For farmers, the year's weather has been more than an annoyance. Kathy Ozer, director of the National Family Farm Coalition, said the rain was far too late to help farmers rescue crops, though in the long run it likely will help replenish the water table.

Deer, opossum, raccoons and other animals that ventured into the suburbs in search of water during the drought have headed back to the woods--or, in the case of the occasional bear, to the mountains. The frogs, salamanders and newts that survived the dry months--and many of them didn't--again have their ponds.

Hurricane Dennis caused coastal communities to lose much of their Labor Day tourism, said Ken Kuhlman, director of marketing and sales for the Virginia Beach Convention and Visitor's Bureau. But tourism officials said most of the month's weekends were spared.

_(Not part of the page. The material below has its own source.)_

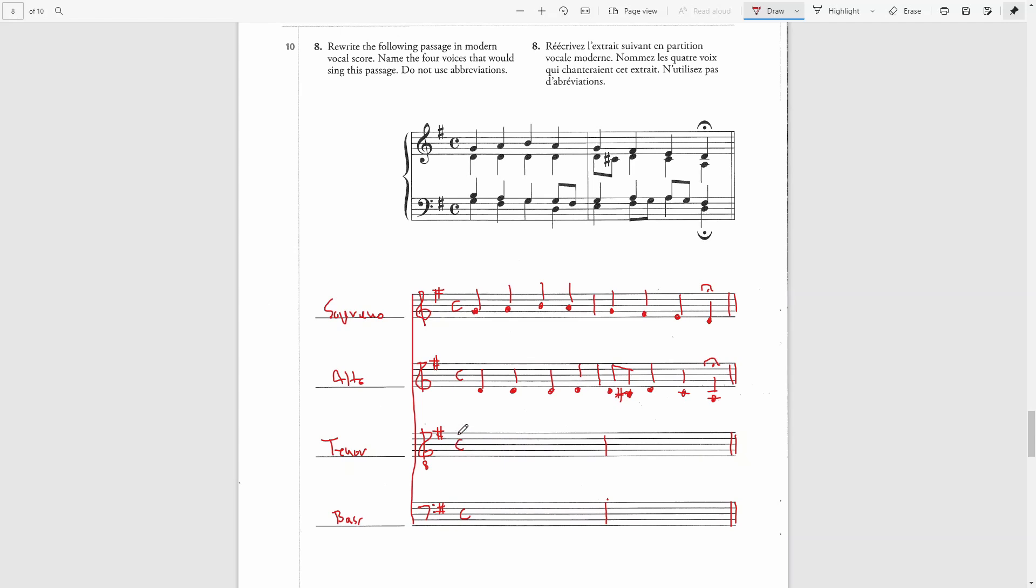And then the tenor part, we have to write it an octave higher in the treble clef. So this is a B below middle C. We have to write it above an octave higher, which would be here. And since the melody is going down, the stems will all be going up in this bar.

The impact of the dry summer and soppy September is perhaps best capsulized by the predicament homeowners and roofers face. During the drought, many roofs dried out and cracked, priming them for leaks if heavy storms came. Now that they have, homeowners are beset by dripping ceilings and roofers are inundated with more calls than they can handle, especially because they can't work in the rain.

"There's an absurd amount of leaks," said Mark Leigh, service manager of Bean & Mallow Inc. in Stafford County. "In our work right now, it's so good it's bad."

Staff writers D'Vera Cohn and Jennifer Lenhart contributed to this report.

CAPTION: Rainfall Increase (This chart was not available)

CAPTION: Raindrops Are Falling (This chart was not available)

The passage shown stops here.